All eyes are now fixed on e-commerce giant, Inc. (NASDAQ:AMZN) and coffee chain Starbucks Corporation (NASDAQ:SBUX), as both companies posted disappointing earnings, sending their shares lower in after-hours trading Thursday. Let’s take a closer look:

Will Amazon Shares Drop Back Below $1,000 Post Earnings?

Amazon shares fell nearly 3% to $1,012 in after-hours trading Thursday. The reason? The online retail giant didn’t meet earnings expectations of $1.42 per share, not even near. It reported earnings of $0.40 per share, a 78% miss. However, Amazon posted revenue of $38 billion, above consensus estimates of $35.34 billion, driven by acceleration in North America, International, Retail Products, Third Party and Subscription revenues. Looking ahead, second-quarter revenue guidance of $39.3-$41.8 billion was in line with consensus of $39.97 billion.

Amazon CEO Jeff Bezos commented, “Our teams remain heads-down and focused on customers […] In the last few months, we launched Echo Show (our newest Echo device with a video screen), introduced calling and messaging via Alexa on all Echo devices, debuted Inside Edge on Prime Video (the first of 18 Indian Original Series), introduced Amazon Channels in both the U.K. and Germany, launched four new Fire tablets, expanded Amazon Fresh to Germany, launched Prime Now in Singapore, launched our 25th airplane with Prime Air, hired more than 30,000 new employees, opened three new Amazon Books stores, launched more than 400 significant AWS features and services, migrated more than 7,000 databases using AWS Database Migration Service, and held our third annual Prime Day — signing up more Prime members than ever before. It’s energizing to invent on behalf of customers, and we continue to see many high-quality opportunities to invest.”

On the ratings front, Amazon has been the subject of a number of recent research reports. In a report issued on July 26, Cantor analyst Kip Paulson maintained a Buy rating on AMZN, with a price target of $1,050, which represents a slight upside potential from current levels. On July 25, Piper Jaffray’s Michael Olson maintained a Buy rating on the stock and has a price target of $1,200.

Starbucks Shares Slammed Following Disappointing 2Q Print

Starbucks shares plummeted nearly 6% this afternoon, after the company’s fiscal third-quarter sales missed Wall Street’s projections. The company posted earnings of $0.55 per share on $5.66 billion in revenue, compared to consensus estimate of $0.55 on $5.75 billion in revenue, respectively.

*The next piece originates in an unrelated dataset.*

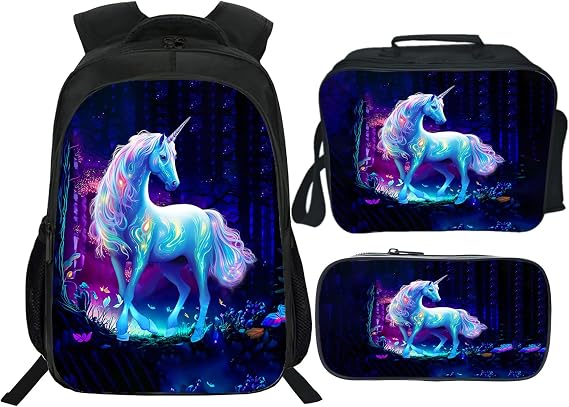 Unicorn Backpack 3PCS 16" Preschool Elementary Schoolbag with Lunch Box Pencil Case Bookbag Set for Girls Kids Children Teens School Students
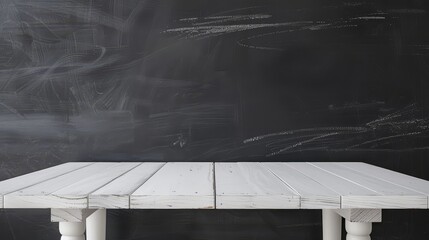 Minimalist design featuring an empty table with a black marble surface, set against a dark wall for a sophisticated look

In addition, Starbucks lowered its full-year net earnings per share target to a range of $1.96 to $1.97 from a previously lowered forecast of $2.06 to $2.10, following a deceleration in U.S. same-store sales that has continued into July.

Starbucks CEO Kevin Johnson stated, “Starbucks leveraged food and beverage innovation, an elevated in-store experience and personalized digital connections to our customers to deliver another quarter of record financial and operating performance, despite the softness impacting our principal sectors overall […] Continued focus on execution against our strategic priorities enabled us to gain share and positions us well for the future.”

Starbucks CFO Scott Maw added, “Starbucks once again reported record operating and financial performance in Q3 – reflecting the back-half acceleration we’ve been anticipating […] Nonetheless, despite posting record performance in Q3 and further extending our lead compared to the industry overall, the combination of trends in the quarter and ongoing macro pressures impacting the retail and restaurant sectors has us a bit more cautious going into Q4.”

Out of the 28 analysts polled in the past 12 months, 21 rate Starbucks stock a Buy, while 7 rate the stock a Hold. With a return potential of 11%, the stock’s consensus target price stands at $66.